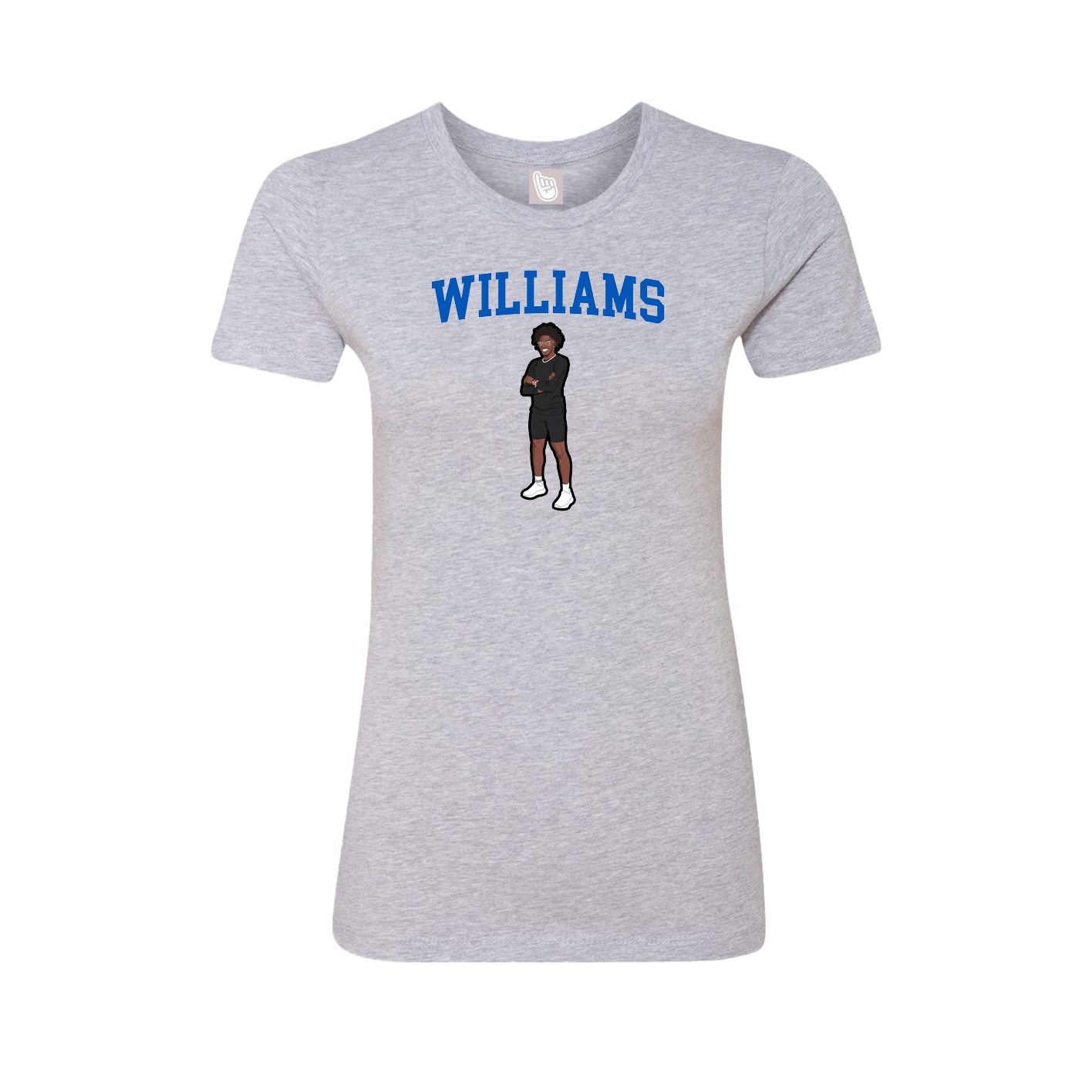 Womens Tee — Shirsey in Grey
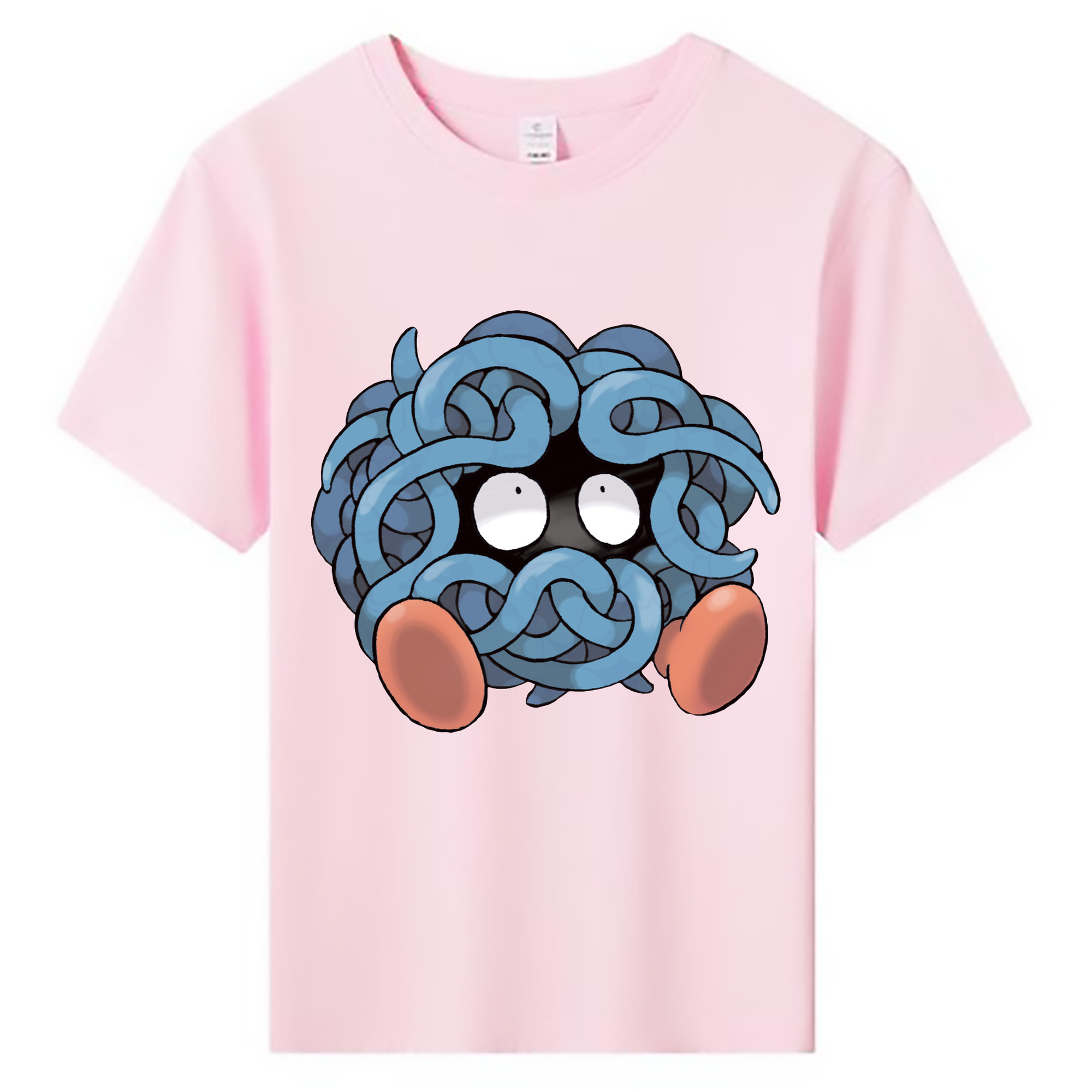 （画像用） ポケットモンスター Pokémon 綿100％キッズTシャツ（フロントプリント）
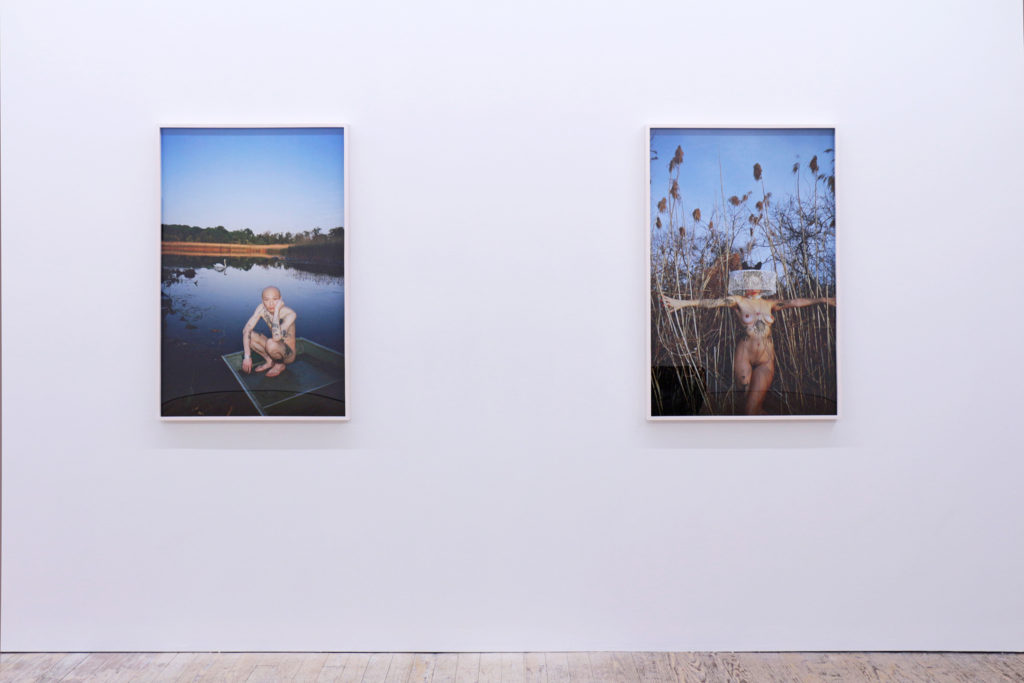 Installation view of the exhibition Subtle Subversions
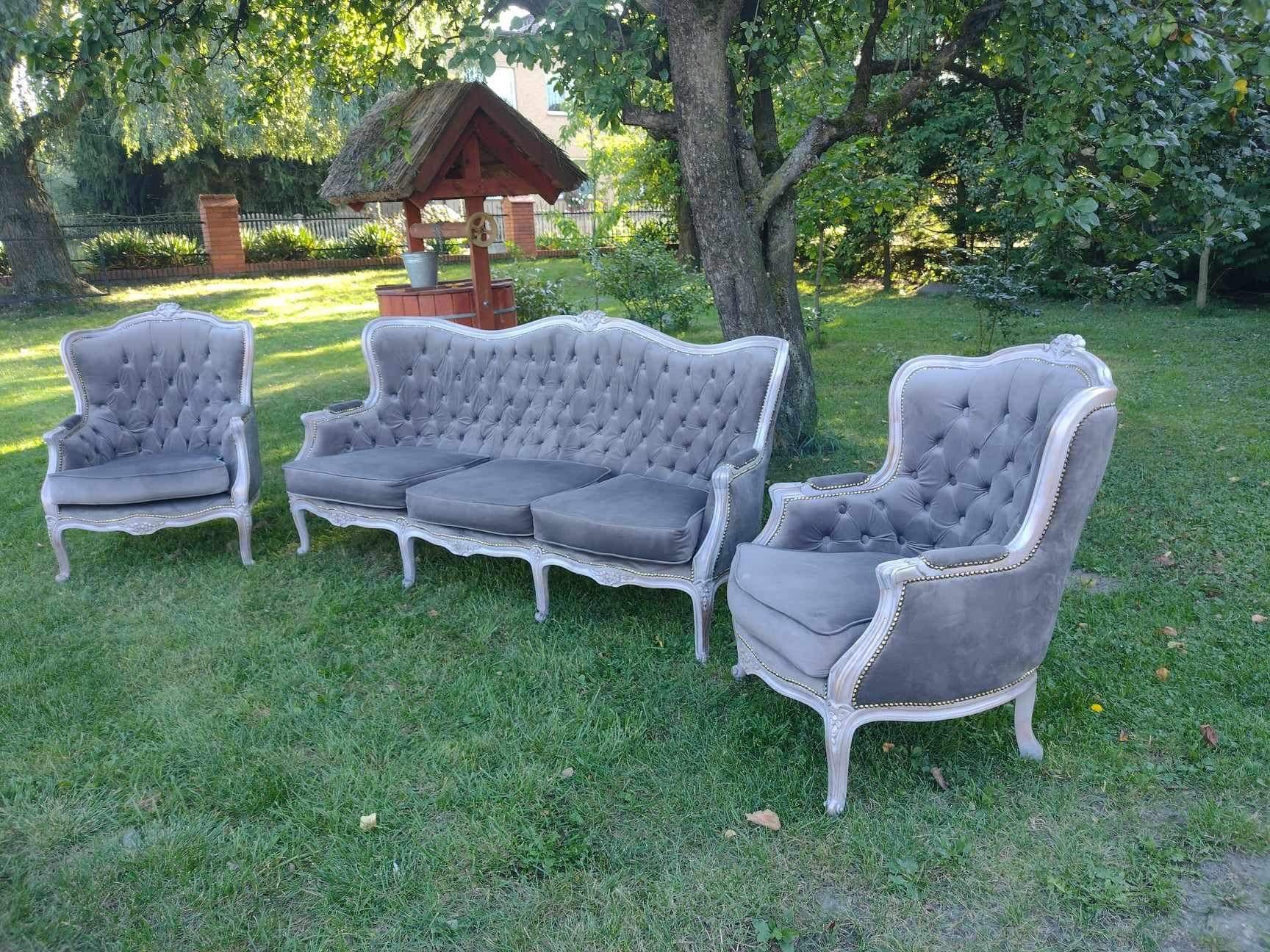 Wypoczynek, dwa fotele, sofa , wypoczynek Ludwikowski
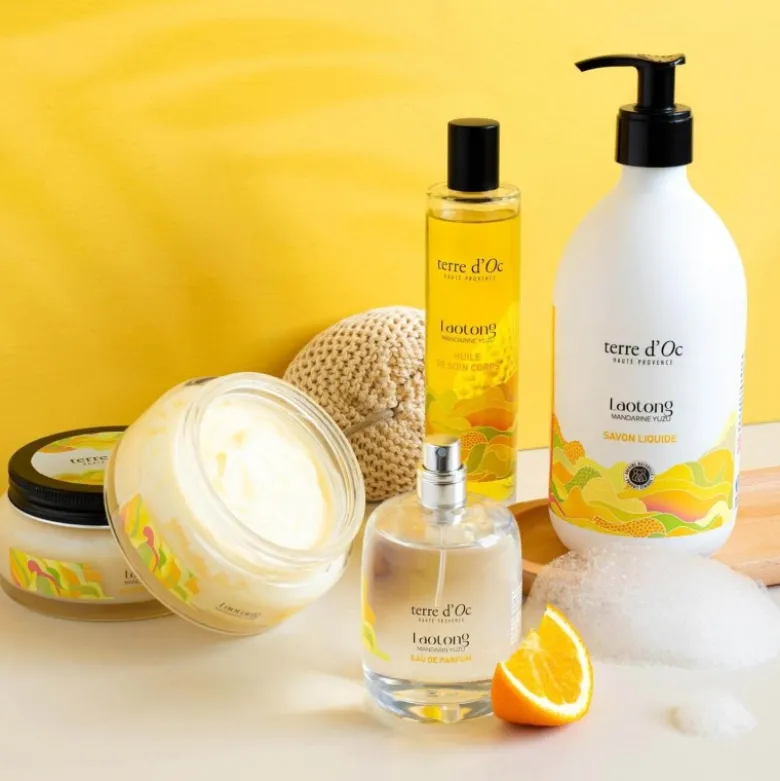 Huile corps bio mandarine yuzu 100 ml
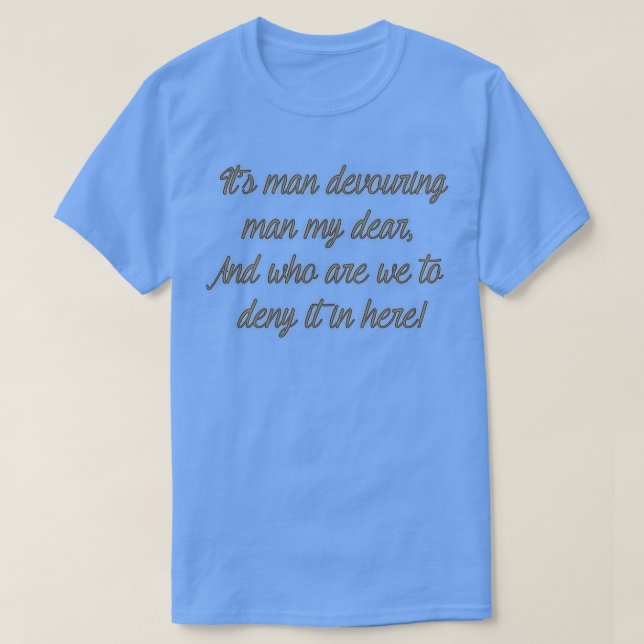 A Little Priest Classic TShirt (Design Front)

######

→ WHAT YOU ARE ASKED TO DO: Exclude the pictures and transcribe all of the entries exactly.

→ OUTPUT OF THE EXERCISE:
 Womens Tee — Shirsey in Grey
 （画像用） ポケットモンスター Pokémon 綿100％キッズTシャツ（フロントプリント）
 Installation view of the exhibition Subtle Subversions
 Wypoczynek, dwa fotele, sofa , wypoczynek Ludwikowski
 Huile corps bio mandarine yuzu 100 ml
 A Little Priest Classic TShirt (Design Front)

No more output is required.